BEDRİ YAŞAR (Devamla) - Toparlıyorum Başkanım.

BAŞKAN - Buyurun, toparlayın.

BEDRİ YAŞAR (Devamla) - İnanamazsınız, sadece bu çevre kirliliğinden dolayı, Tekkeköylü üreticiler mallarını satmak için otomatikman "Bunlar Bafra'nın malı, Çarşamba Ovası'nda üretiliyor." gibi farklı ifadelere başvuruyorlar. Yarın öbür gün de Çarşamba Ovası için aynı şeylerin söylenmesini beklemek için kâhin olmaya gerek yok. Bu ovaları elimizle bitirmeyelim.

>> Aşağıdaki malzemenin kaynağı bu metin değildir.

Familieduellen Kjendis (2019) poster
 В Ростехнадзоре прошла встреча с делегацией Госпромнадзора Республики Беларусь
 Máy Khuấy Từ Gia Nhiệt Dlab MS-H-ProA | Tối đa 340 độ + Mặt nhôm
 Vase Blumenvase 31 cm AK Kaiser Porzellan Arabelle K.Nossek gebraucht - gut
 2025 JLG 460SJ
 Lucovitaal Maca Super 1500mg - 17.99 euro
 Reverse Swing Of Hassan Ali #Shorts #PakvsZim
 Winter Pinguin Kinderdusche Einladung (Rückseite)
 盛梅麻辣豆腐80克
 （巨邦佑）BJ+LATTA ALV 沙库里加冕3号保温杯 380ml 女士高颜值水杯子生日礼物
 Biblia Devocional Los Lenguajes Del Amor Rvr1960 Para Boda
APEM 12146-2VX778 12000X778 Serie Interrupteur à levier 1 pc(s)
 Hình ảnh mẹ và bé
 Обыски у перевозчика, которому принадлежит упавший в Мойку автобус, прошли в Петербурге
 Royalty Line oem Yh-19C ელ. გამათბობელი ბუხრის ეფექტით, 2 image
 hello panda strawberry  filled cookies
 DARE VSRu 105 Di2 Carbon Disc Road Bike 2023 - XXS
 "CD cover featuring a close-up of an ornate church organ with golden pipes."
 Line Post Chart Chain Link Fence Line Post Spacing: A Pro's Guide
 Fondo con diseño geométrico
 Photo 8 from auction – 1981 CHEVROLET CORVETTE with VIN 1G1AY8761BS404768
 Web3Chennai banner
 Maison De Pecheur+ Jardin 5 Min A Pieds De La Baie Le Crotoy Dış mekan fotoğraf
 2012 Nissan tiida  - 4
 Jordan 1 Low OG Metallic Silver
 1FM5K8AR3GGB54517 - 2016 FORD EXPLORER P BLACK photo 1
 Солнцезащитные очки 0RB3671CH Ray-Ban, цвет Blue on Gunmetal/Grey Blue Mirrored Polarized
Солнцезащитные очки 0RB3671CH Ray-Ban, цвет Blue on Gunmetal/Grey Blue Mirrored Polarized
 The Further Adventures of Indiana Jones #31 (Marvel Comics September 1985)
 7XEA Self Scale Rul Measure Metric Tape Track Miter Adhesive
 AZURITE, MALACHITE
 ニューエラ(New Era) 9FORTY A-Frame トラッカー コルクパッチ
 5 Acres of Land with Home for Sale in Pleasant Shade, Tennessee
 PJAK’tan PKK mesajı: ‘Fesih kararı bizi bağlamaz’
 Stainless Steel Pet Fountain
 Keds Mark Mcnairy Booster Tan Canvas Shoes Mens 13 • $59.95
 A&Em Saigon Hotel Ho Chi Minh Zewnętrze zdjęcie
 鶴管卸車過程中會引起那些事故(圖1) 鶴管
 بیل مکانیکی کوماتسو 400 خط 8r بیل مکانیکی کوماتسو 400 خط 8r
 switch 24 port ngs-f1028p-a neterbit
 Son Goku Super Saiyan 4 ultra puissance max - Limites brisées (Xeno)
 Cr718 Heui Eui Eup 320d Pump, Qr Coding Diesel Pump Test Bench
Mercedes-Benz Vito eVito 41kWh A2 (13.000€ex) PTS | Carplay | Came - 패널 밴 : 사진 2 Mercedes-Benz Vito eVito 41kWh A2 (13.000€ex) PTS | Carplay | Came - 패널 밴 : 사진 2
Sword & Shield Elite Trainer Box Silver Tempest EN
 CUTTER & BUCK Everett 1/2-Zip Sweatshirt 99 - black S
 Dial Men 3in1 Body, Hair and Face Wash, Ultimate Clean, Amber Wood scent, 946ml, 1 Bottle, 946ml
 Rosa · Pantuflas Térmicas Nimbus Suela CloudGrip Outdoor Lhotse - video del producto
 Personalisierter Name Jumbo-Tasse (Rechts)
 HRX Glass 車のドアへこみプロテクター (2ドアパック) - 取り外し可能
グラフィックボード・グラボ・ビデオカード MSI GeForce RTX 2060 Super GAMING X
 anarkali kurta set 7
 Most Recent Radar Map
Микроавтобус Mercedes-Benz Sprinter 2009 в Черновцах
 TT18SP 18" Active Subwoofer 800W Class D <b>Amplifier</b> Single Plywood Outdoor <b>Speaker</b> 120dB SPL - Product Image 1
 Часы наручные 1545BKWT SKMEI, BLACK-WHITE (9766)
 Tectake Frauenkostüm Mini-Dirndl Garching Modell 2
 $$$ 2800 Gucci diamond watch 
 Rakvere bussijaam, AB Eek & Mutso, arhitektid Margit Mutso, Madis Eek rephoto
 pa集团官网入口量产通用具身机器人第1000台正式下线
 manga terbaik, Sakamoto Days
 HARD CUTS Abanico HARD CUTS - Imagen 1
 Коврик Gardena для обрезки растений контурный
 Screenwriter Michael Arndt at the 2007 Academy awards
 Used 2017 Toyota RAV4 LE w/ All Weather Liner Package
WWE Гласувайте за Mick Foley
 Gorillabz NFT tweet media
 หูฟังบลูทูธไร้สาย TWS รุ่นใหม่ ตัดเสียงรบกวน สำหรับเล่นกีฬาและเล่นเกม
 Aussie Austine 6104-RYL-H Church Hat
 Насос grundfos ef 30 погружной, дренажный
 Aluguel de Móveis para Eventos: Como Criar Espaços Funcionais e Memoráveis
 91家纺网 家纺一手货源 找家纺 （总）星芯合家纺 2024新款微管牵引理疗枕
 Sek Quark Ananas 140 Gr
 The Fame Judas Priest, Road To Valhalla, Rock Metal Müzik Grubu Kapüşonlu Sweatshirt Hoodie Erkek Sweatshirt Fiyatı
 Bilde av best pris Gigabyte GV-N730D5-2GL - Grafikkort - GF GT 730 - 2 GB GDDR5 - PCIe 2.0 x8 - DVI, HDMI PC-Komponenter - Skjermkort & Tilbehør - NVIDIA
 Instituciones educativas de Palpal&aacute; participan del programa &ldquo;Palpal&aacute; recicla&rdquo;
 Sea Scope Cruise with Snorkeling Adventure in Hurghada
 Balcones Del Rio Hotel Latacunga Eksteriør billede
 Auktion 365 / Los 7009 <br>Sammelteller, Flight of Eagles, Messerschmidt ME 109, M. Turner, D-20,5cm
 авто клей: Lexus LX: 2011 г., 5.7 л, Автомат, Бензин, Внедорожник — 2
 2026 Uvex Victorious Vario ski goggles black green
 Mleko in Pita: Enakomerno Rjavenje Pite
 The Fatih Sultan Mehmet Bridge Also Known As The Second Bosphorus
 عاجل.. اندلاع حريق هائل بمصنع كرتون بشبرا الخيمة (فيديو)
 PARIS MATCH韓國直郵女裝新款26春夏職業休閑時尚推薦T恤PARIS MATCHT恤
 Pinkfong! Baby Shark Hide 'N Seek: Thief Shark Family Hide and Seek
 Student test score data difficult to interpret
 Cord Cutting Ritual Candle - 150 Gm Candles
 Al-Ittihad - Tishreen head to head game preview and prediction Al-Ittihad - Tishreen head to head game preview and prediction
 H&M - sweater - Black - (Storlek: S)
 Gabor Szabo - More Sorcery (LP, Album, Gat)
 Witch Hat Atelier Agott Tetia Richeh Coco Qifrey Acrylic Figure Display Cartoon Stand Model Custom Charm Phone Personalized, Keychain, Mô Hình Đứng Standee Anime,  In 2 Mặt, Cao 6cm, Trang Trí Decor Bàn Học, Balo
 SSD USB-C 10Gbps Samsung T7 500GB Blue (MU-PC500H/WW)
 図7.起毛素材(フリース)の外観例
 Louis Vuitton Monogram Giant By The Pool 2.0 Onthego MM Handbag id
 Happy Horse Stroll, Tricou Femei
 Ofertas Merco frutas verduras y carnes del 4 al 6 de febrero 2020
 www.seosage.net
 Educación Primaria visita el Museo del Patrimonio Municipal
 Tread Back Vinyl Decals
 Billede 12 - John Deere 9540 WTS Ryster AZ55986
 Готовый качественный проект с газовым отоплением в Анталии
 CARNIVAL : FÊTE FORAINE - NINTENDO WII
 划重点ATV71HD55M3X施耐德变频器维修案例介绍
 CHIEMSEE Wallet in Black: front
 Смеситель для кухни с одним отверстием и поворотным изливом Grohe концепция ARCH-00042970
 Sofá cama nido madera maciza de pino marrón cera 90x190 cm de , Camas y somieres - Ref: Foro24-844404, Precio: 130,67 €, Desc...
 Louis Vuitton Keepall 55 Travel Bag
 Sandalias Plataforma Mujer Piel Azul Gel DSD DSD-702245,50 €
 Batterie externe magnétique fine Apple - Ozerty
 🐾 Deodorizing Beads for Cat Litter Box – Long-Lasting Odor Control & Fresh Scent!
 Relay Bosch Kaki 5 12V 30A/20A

Tamam, Türkiye'nin enerjiye ihtiyacı var, yenilenebilir enerji kaynaklarına ihtiyacı var ama bunların yerlerini seçerken, konumlarını seçerken tarım arazilerini değil, tarıma elverişli olmayan arazileri seçelim. Buradan tekrar söylüyorum: Bu, ülkenin geleceğini karartmaktan ibarettir.

Ben, başta Samsun Milletvekillerimiz olmak üzere, milletvekillerimizin buna karşı çıkacaklarına, burada santral yapılmasına -Çarşamba halkıyla beraber- müsaade etmeyeceklerine inanıyor; yüce heyetinizi saygıyla selamlıyorum.